The reason for this mitzvah was to penalize the sinner in this world so that he should change his ways and still merit a desirable afterlife. For this reason, the offender was examined to determine how many lashes he should be able to endure, since accidentally killing him would be counter productive. (Since lashes were given in multiples of three, if one was judged to be able to withstand 20 lashes, he was given 18, not 21.) If the one being lashed seems unable to endure his punishment, or if he soiled himself, the whiplashes were stopped.
Lashes could be given by a beis din of three judges (as opposed to a larger court of 23).
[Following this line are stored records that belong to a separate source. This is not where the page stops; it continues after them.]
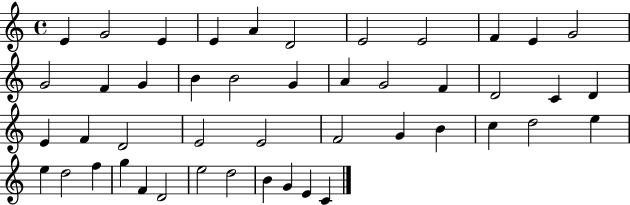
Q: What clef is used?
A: treble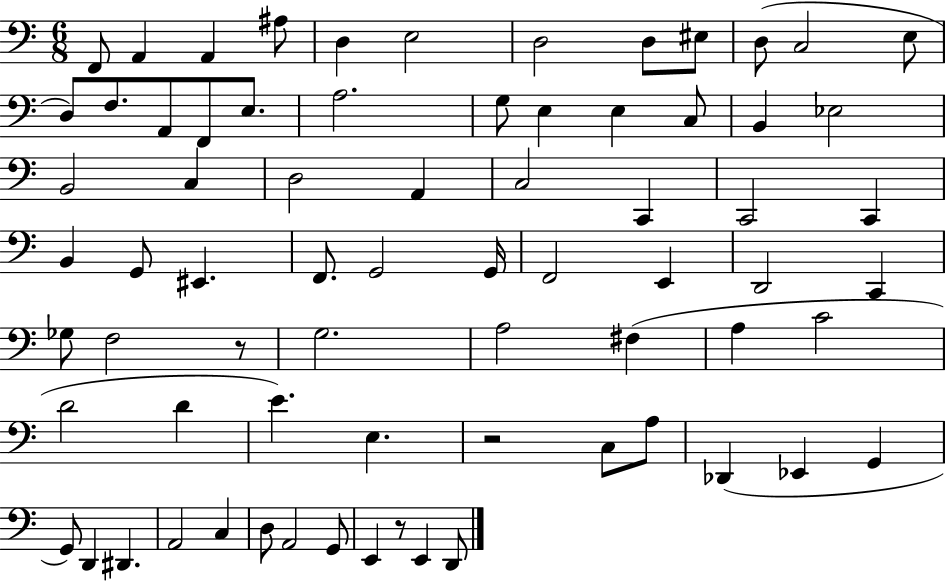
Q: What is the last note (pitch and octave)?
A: D2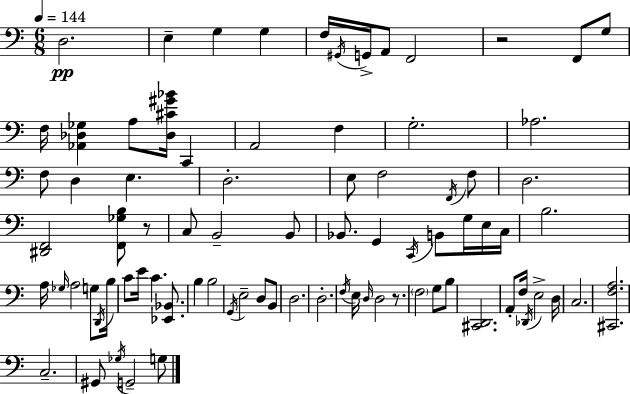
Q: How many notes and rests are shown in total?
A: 83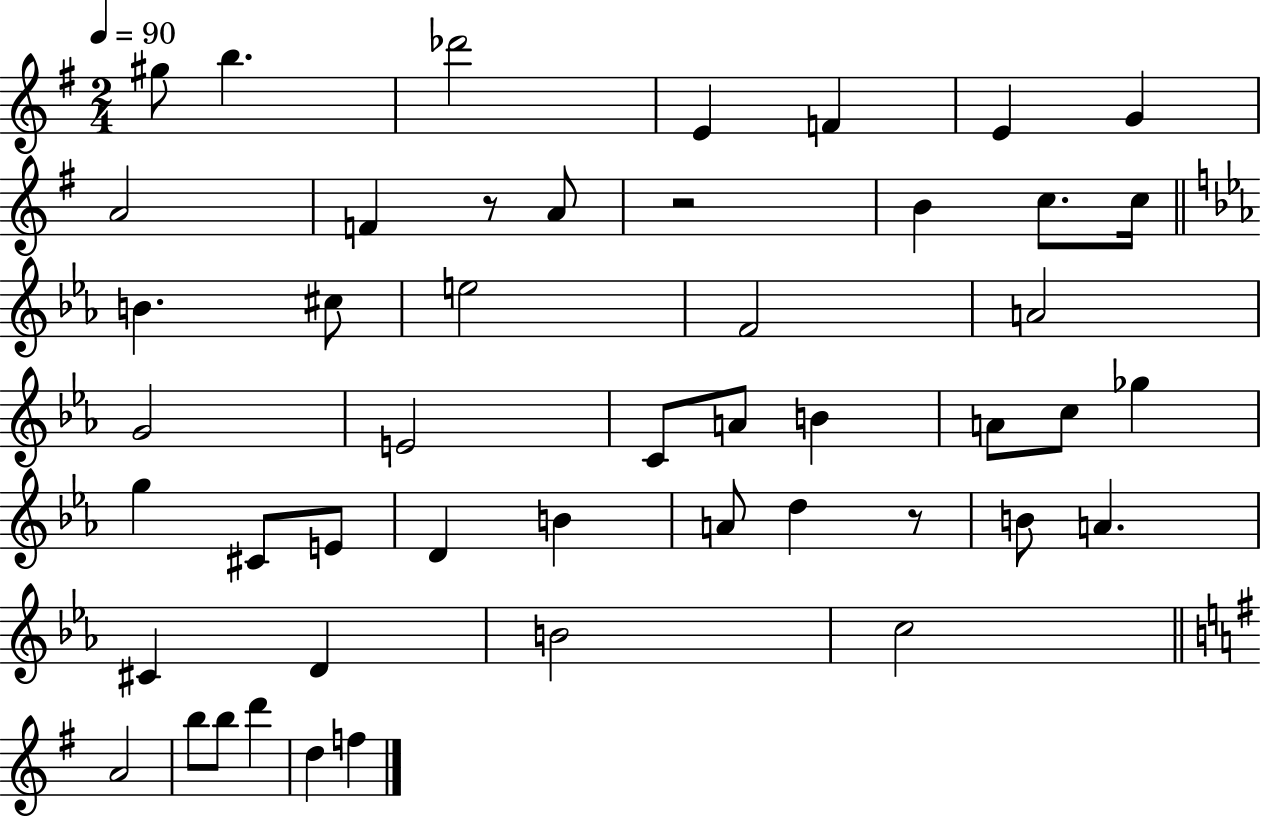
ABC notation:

X:1
T:Untitled
M:2/4
L:1/4
K:G
^g/2 b _d'2 E F E G A2 F z/2 A/2 z2 B c/2 c/4 B ^c/2 e2 F2 A2 G2 E2 C/2 A/2 B A/2 c/2 _g g ^C/2 E/2 D B A/2 d z/2 B/2 A ^C D B2 c2 A2 b/2 b/2 d' d f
However, the members of the beis din needed to have the original semicha (ordination) in order to have the authority to impose this penalty.
This mitzvah only applies in Israel at at time of the original ordination. It is discussed in the Talmud in the tractates of Makkos (22a-23b) and Kesubos (35a-b). This mitzvah is codified in the Mishneh Torah in the sixteenth chapter of Hilchos Sanhedrin and is #224 of the 248 positive mitzvos in the Rambam’s Sefer HaMitzvos.